Askhat Dilmukhamedov

Personal information
- Full name: Askhat Rakhatuly Dilmukhamedov
- Nationality: Kazakhstani
- Born: 26 July 1986 (age 39) Alma-Ata, Kazakh SSR, Soviet Union
- Height: 1.80 m (5 ft 11 in)
- Weight: 74 kg (163 lb)

Sport
- Sport: Wrestling
- Event: Greco-Roman
- Coached by: Yerzhan Akhmetov

Medal record
Men's Greco-Roman wrestling
Representing Kazakhstan
Asian Championships
| Gold medal – first place | 2018 Bishkek | 82 kg |
| Bronze medal – third place | 2016 Bangkok | 80 kg |
| Bronze medal – third place | 2011 Tashkent | 74 kg |
Asian Indoor Games
| Bronze medal – third place | 2017 Ashgabat | 80 kg |
World University Championships
| Bronze medal – third place | 2006 Ulaanbaatar | 66 kg |

= Askhat Dilmukhamedov =

Kazakh Greco-Roman wrestler

Askhat Rakhatuly Dilmukhamedov (Асқат Рахатұлы Ділмұхамедов, Asqat Rahatūly Dılmūhamedov; born July 26, 1986) is an amateur Kazakh Greco-Roman wrestler, who competes in the men's middleweight category. He won a bronze medal in his division at the 2011 Asian Wrestling Championships in Tashkent, Uzbekistan.

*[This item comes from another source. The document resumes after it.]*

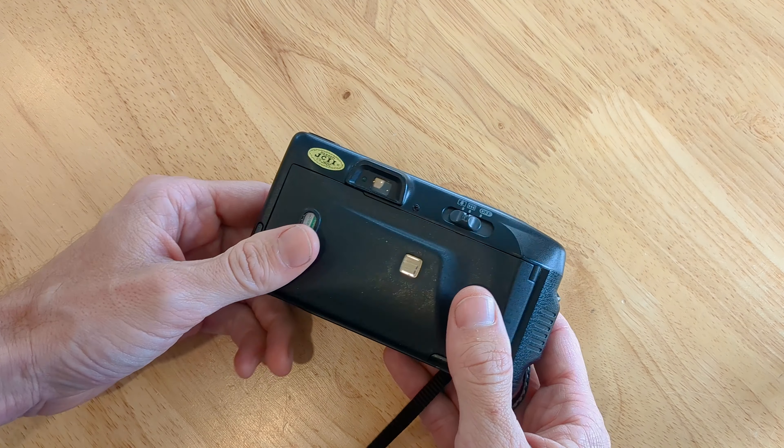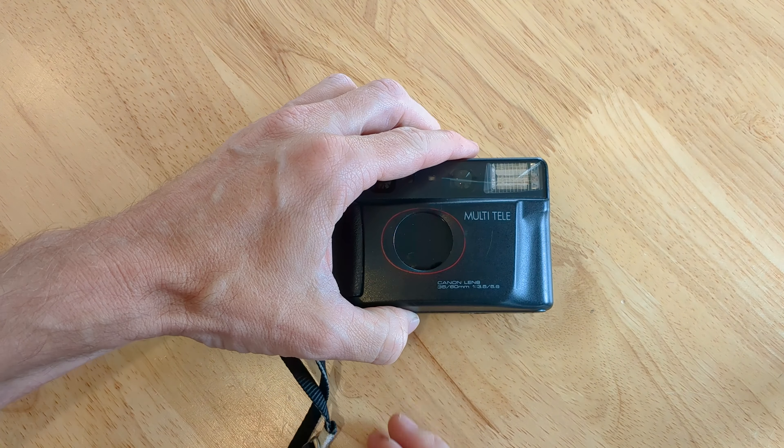And that'll wind to the first frame there and you're ready to start shooting. Hope this helps.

Dilmukhametov represented Kazakhstan at the 2012 Summer Olympics, where he competed for the men's 74 kg Greco-Roman. He received a bye into the second preliminary round, before losing out to Belarusian wrestler Aliaksandr Kikiniou, who was able to score three points in two straight periods, leaving Dilmukhametov without a single point.

In 2021, he won one of the bronze medals in the 77 kg event at the Matteo Pellicone Ranking Series 2021 held in Rome, Italy.